En opinión de Quinto, Marco no debe preocuparse por contender contra rivales de familias ilustres, así podrá exhibir sus defectos, sus crímenes y sus depravaciones. AMLO es quien mejor puede intentarlo: tanto EPN como JVM están demasiado ligados a la corrupción centenaria del priismo o la fracasada estrategia contra el narco de Calderón. JVM, “mujer nueva”, sólo podría probarlo si se decide —en un gesto inevitable si quiere ascender en las encuestas— a distanciarse de las políticas de su reciente anfitrión.
“Una candidatura a un cargo público debe centrarse en el logro de dos objetivos”, prosigue Quinto, “obtener la adhesión de los amigos y el favor popular”. Amigos que, en nuestros días, llamamos factores reales de poder: hombres de familia; amigos que garanticen la protección de la ley; magistrados; y amigos que consigan votos de las centurias. Hoy diríamos: empresarios, intelectuales y estrellas de TV;opinadores mediáticos; jueces y funcionarios; líderes sociales y promotores en twitter.

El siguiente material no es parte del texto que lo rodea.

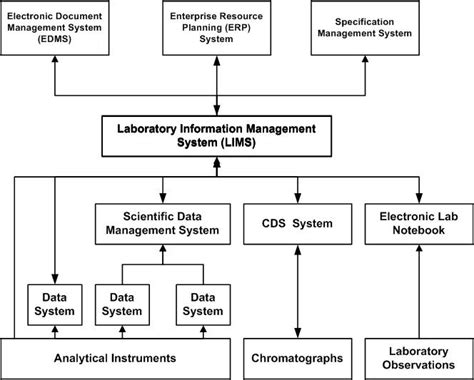 Laboratory Information Management Systems Lims Information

Debido a su radicalismo, tras la elección de 2006 AMLO perdió a más de la mitad de sus votantes (excepto un núcleo duro en torno al 15%). De allí que siga a Quinto, tratando de recuperar el favor de otros sectores. Difícil adivinar si lo logrará con los “hombres nuevos”, esas clases medias que hoy tanto desconfían de él. EPN y JVM cuentan con el apoyo de todos estos grupos —el primero más que la segunda— y luchan cuerpo a cuerpo por el “favor popular”. El consejo de Quinto es pactar con tus enemigos: lo hace AMLO con su República Amorosa. De seguir la recomendación, JVM tendría que dirigirle un guiño a la Maestra para asegurarse su imparcialidad.
Por último, Quinto señala la importancia de la “opinión pública” que, según él, sólo se obtiene si tus aliados divulgan una buena imagen de ti: los poderosos y los medios, los jóvenes, “la compañía asidua de quienes has defendido”, la multitud urbana y rural. En fin, lo que sabemos. Para lograrlo, Quinto da un consejo que siempre han usado nuestros políticos: prometerlo todo. No importa cuantas de esas promesas se vayan a cumplir.
En la Roma republicana, como en el México democrático, las campañas fingían estar basadas en argumentos —la vieja arte oratoria—, pero quienes en verdad saben de estrategia electoral, como Quinto Cicerón o Antonio Sola, saben que eso es lo de menos. Importan las alianzas, importan el respaldo de nuevos y viejos amigos —a cambio de defender sus intereses—, importan nada más la apariencias. Buena suerte, candidatos. Alea jacta est!